The lady who bought the Camaro fell in love at first sight. That is why I love this hobby.


----------



## partsguy (Jun 2, 2017)

Another one...

'65 Huffy Silver Jet. The headlight was tied on with chicken wire. The tank was gutted. I tracked down original bars and put the original grips on them. jd56 found a mint original rack with the tail light and all the trim to match the bike. I fixed and touched up the chainguard, and replaced the foil chrome trim. The entire bike was taken apart for an extremely thorough, nut and bolt cleaning. The undersides of the fenders were cleaned and clear coated to prevent future rust.

The bike was a garage sale left over in a small town just north of me. The original seat (on the ground) was in the box of junk under a table. The undercarriage was broken in half, I found a donor seat at Links n' Kinks and swapped it over after repainting it and drilling the holes for the crash rail studs.

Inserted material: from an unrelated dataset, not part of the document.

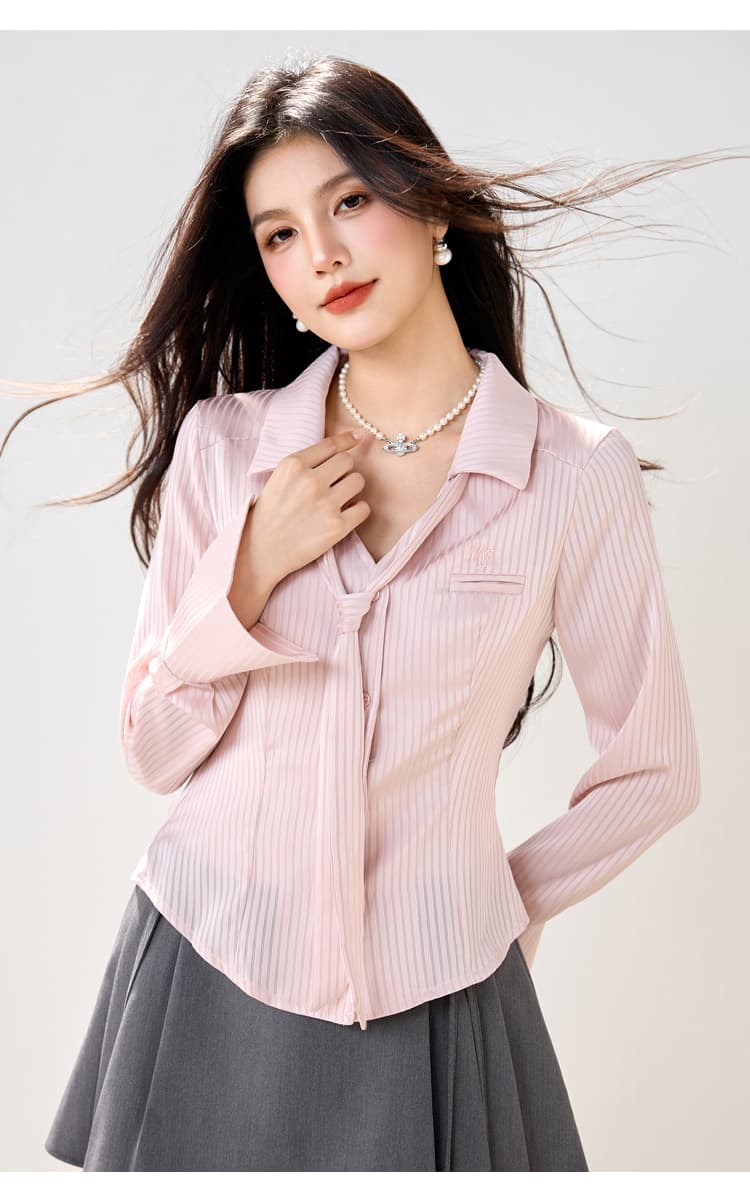 실사 있음 여성 의류 미니멀리즘 단색 지퍼 V 넥 셔츠 지방 mm 봄 새로운 출퇴근 품격 긴팔 셔츠 상세 이미지 8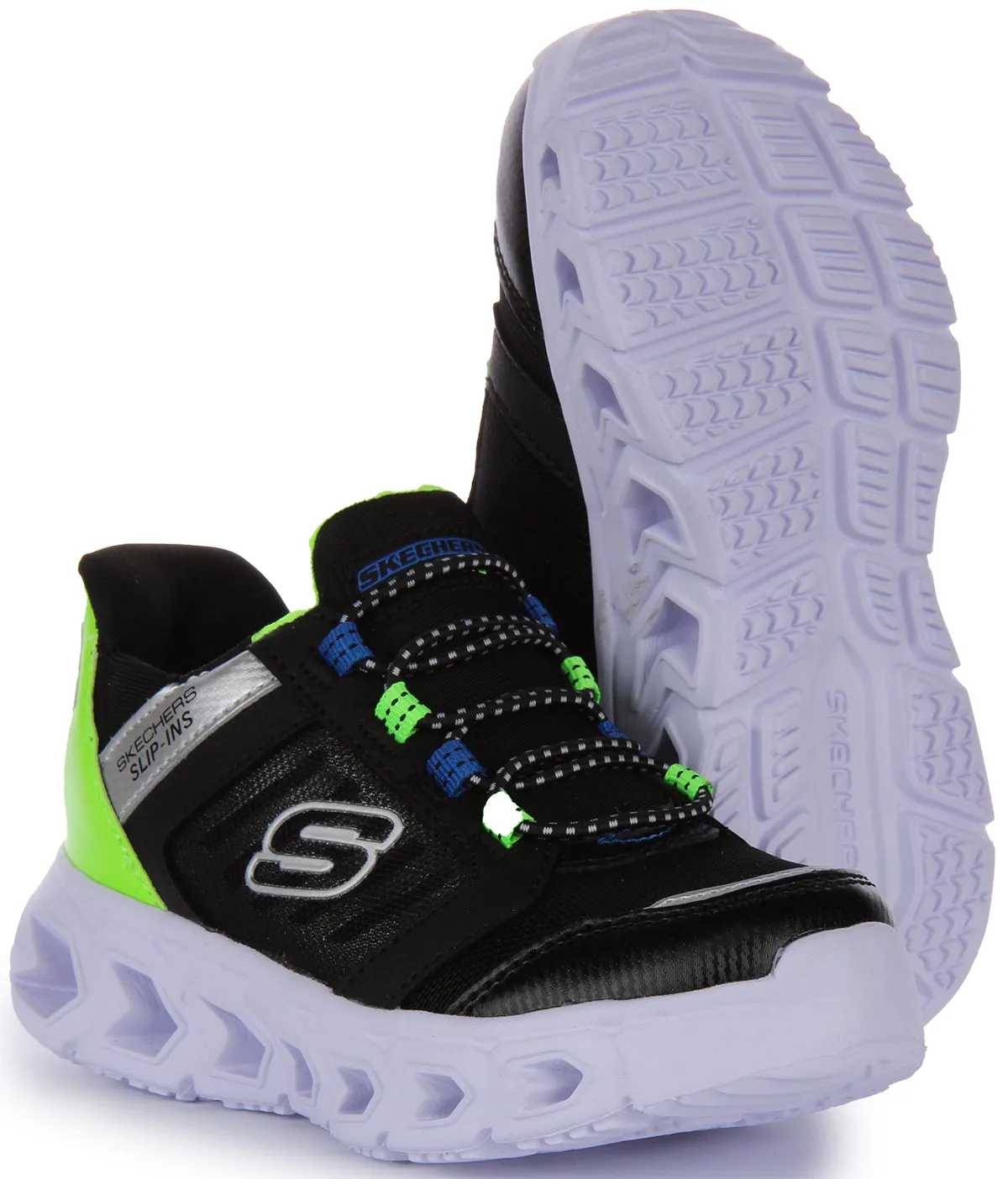 Skechers Hypno Flash 2.0 Slip Ins Black Green For Kids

Here he is today, and is one of my favorites! I even found a 1965 license plate to match!


----------



## Lance Vangraham (Jun 2, 2017)

partsguy said:


> Another one...
> 
> '65 Huffy Silver Jet. The headlight was tied on with chicken wire. The tank was gutted. I tracked down original bars and put the original grips on them. jd56 found a mint original rack with the tail light and all the trim to match the bike. I fixed and touched up the chainguard, and replaced the foil chrome trim. The entire bike was taken apart for an extremely thorough, nut and bolt cleaning. The undersides of the fenders were cleaned and clear coated to prevent future rust.
> 
> ...



You do some amazing work sir!


----------



## Lance Vangraham (Jun 2, 2017)

partsguy said:


> I think those kinds of builds are the most rewarding. Most of my bikes were not on their "death bed" when I got them. This certainly was. Anyone else would have crushed it for recycling. I finished up a '69 Huffy Camaro and a '76 Roadmaster 10 speed. Both were worn out. I turned a good profit on the Camaro. The roadbike not so much, the buyer is picking it up at the Fairborn swap meet tomorrow morning. It is an awesome feeling 'tho, to ride that which was dead. The first ride gives me a sense of accomplishment and purpose.
> 
> Here is the Roadmster: http://thecabe.com/forum/threads/before-and-after-wow.108511/#post-712554
> Here is the Camaro: http://thecabe.com/forum/threads/69-huffy-gets-a-second-chance.83847/
> ...



I also agree that these kind of builds are the most rewarding. I recently received did a ratty Schwinn varsity ladies bike, and the lady who bought it loved it. She didn't even try to haggle on price. There is a thread in the Schwinn light weights section on here you can see the progress. I'm on my phone and don't know how to tag the link in here.


----------